I am super sad about finances. We get a lot of collection calls from the hospitals and such and then at oncology, the office manager asked for $1060! She said that's our part of the chemo that needs to be paid. I wish I was spending money on things I wanted to not things I have to. I know we all have those feelings at times, but I am so sick of this. When she told me, I just broke down and cried in my blue chemo chair. I called Mark and he said it will all be o.k. and that God will provide and I know he is right, but it just bites to have to deal with that along with figuring out even the next steps of treatment.
I got in touch with a place called Imerman Angels http://www.imermanangels.org/ and they are trying to hook me up with another woman that has had stage 3 her 2 positive breast cancer as a role model/ mentor through the process and I am excited about that possibility.
Also, the staff at the Moss Report is trying to find me an integrative oncologist in the area. It's kind of a joke in the chemo world amongst homeopathic and alternative doctors that even places like MD Anderson tout that they have integrative medicine, but really they just tell you to listen to music and do yoga. I have looked into a lot of this, and as cool as it sounds to a newbie on this educational journey, I'm not biting the carrot so they can get me in the door to do only harsh chemo under the guise that it’s integrative. Now, of course I may have to do the harsh chemo but I really want a doctor that knows something about diet, supplements and individualized treatment that doesn’t see that as the only way to treat cancer.
I had a pretty bad reaction to yesterday’s chemo. My legs and stomach hurt and I just felt bad all over. I walked to the bathroom from my TV watching bed and I moved like a 90 year old with the flu. My wonderful hubby and my friend Stacy took care of me and I love them so much for being there in my whininess and neediness. I took pain meds and anti nausea meds and even this morning I feel pretty yucky. About 20 minutes ago while checking e-mails, Hudson walked to the top of the stairs and called mama. Usually, I would run up the stairs to get him, but I had to coax him to come to me instead because my body still hurts.

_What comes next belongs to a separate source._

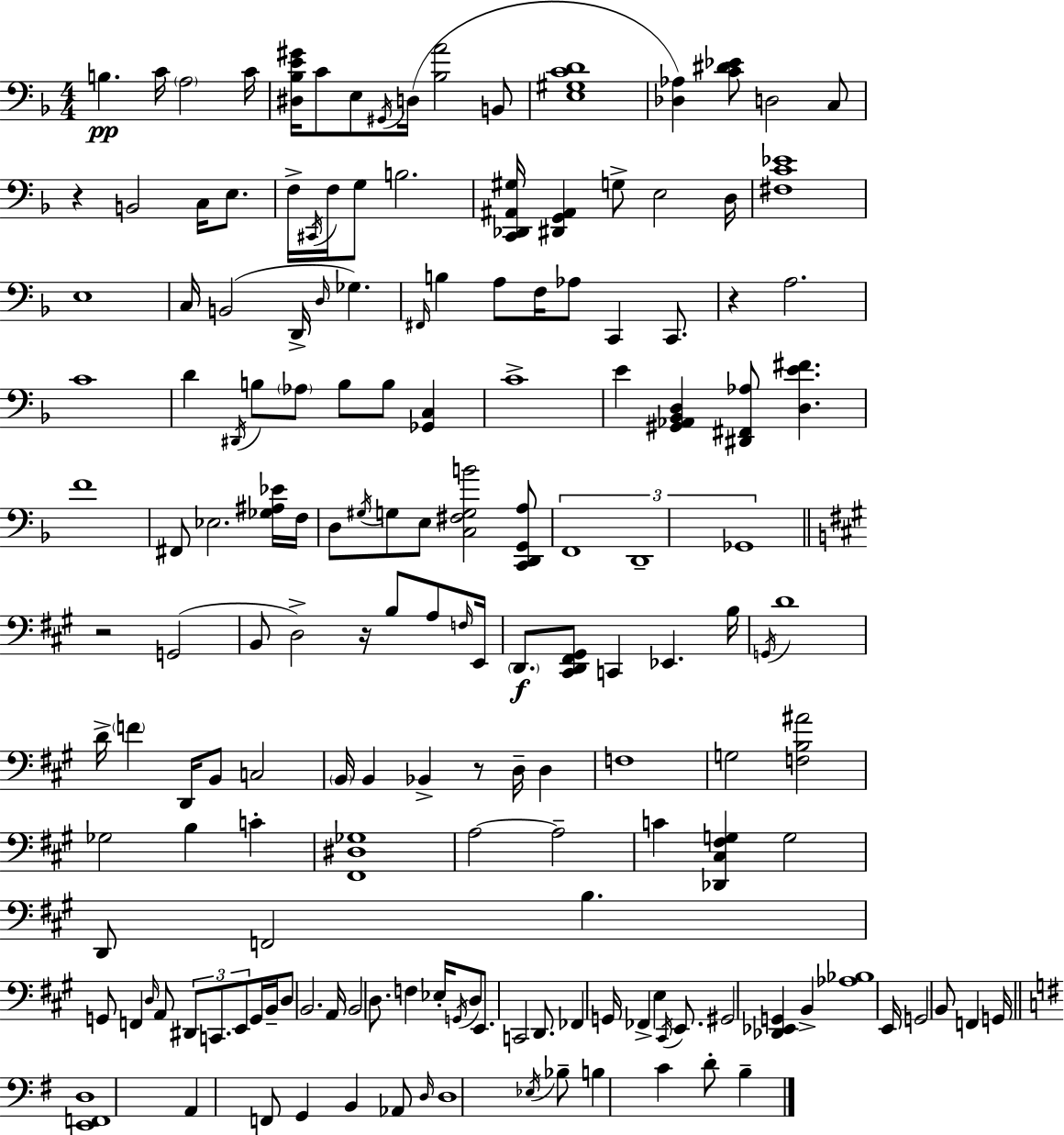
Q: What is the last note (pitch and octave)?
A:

I plan on taking it easy today. Hayden will have Mother’s Day out which will help and the kids have art classes that I will see if someone can drive them to that. I will take it easy because I know that if I don’t pace myself it’ll get worse. Most likely I’ll need my shot today too since it’s been 2 weeks and I am unsure of the next steps as far as treatment goes.
The care calendar is completely empty, which is o.k. I guess, especially since I don’t know exactly what is happening. Between doctor’s appointments Wed and Thurs. and the shot today maybe, I will be still going a lot and I’m just hoping that I’ll get better instead of the other way around. The shot usually makes things worse. Extras like looking for Easter clothes and planning for our activities that day and such just get nixed off the plans as I have to deal with cancer instead. House cleaning, schooling, getting Hannah’s passport and such are topping the scales as well. I just have to be o.k. with this all being part of the cancer gig and choose not to get upset when I can’t do absolutely everything I want to do. Seriously no one will care if we show up in our old clothes on Sunday and the kids will surely live without chocolate bunnies and such. I remind myself that this is only one year and that everything next year at this time will be better. I hate that my kids have to go through this with me and that mom is in the bed while they sit around the dinner table as a family, but I know God is in control and this is just a season.
BTW - as soon as I find out the next course of action, i'll of course post.